The appellant filed a complaint against the appellees (attorneys) in malpractice. The complaint alleged that the appellees had negligently failed to file an action for wrongful death of appellant's husband within the period allowed by the applicable statute of limitations.
Appellees filed a Motion to Dismiss, Abate and Strike Complaint and an Answer. *1145 In the final analysis the appellees pleaded that a still pending and active wrongful death action by appellant as personal representative of her deceased husband's estate required abatement of the malpractice action. The wrongful death action was against an entirely different party defendant and his liability insurance carrier.
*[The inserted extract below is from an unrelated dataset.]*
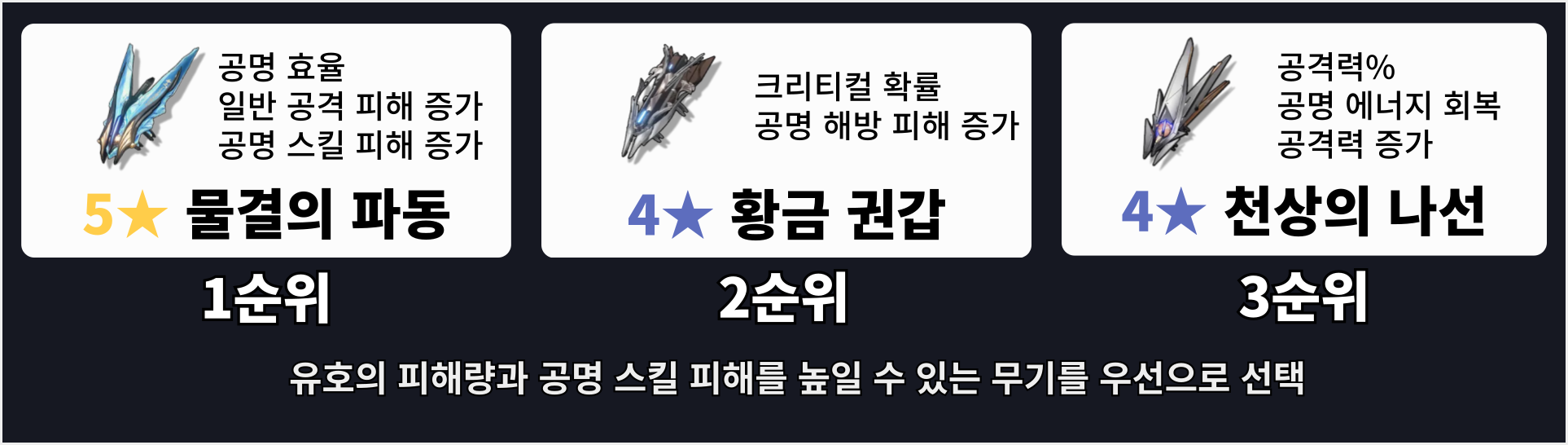 유호 딜러세팅 무기 추천 표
The trial court granted the appellees' motion to abate and entered an order dismissing appellant's "[c]omplaint and cause of action."
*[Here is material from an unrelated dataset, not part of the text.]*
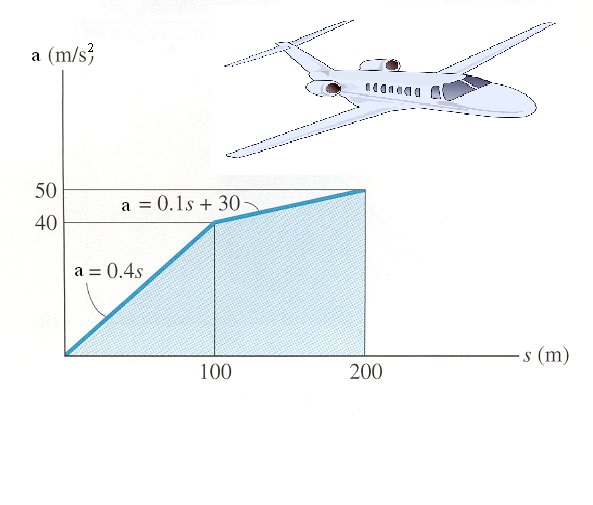 p2-1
Both parties conceded at the hearing on the motion to abate that the statute of limitations had been pleaded by the defendants in the wrongful death action; that the applicable period of limitation for a wrongful death action is 2 years; that the wrongful death action was not filed within 2 years of the date of death; that the trial judge in the wrongful death action had ruled that the 2 year limitation period did not commence to run until the appointment of a personal representative for the estate of the decedent; that this court has denied a petition for writ of certiorari to review the trial judge's ruling on the running of the limitations period but the question is still appealable; and, that the wrongful death action was, therefore, still pending.
We hold that there was not sufficient identity of parties and cause of action in the two suits to support the order of abatement and dismissal of the cause of action for malpractice. 1 Fla.Jur. Abatement and Revival §§ 5, 6, 8 (1955). It is far from clear that the ultimate final judgment in the wrongful death action could be pleaded as a bar to the malpractice action. Horter v. Commercial Bank & Trust Co., 99 Fla. 678, 126 So. 909 (Fla. 1930). This would at least be dependent upon which party the final judgment was entered against and upon what basis such final judgment was entered.
It is certainly true, however, that the outcome of the wrongful death case may have a definite bearing on the malpractice action and may even be arguably determinative, at least as to certain issues therein. Equally true is that if the personal representative had failed to institute the wrongful death action, such failure could very well have clouded her right to file or prosecute the malpractice action.
At the same time the uncertainty of the statute of limitation posture of the malpractice action fully warranted the commencement of the suit.[1]
Under all of the circumstances we conclude that the interests of the parties, together with the orderly and economical conduct of the litigation would best be served by a stay of further proceedings herein (the malpractice action) subject to further developments in the wrongful death action.
Accordingly, we set aside the order of the trial court dismissing the cause of action of the appellant and remand for the entry of a temporary stay order consistent with this opinion.
GRIMES, C.J., and DANAHY, J., concur.
[1] On March 20, 1975 appellant was advised by the appellees that the statute of limitations had run in the wrongful death action. The complaint in malpractice was filed on March 11, 1977 within the two year statute of limitations for malpractice set out in § 95.11, Fla. Stat. (1977).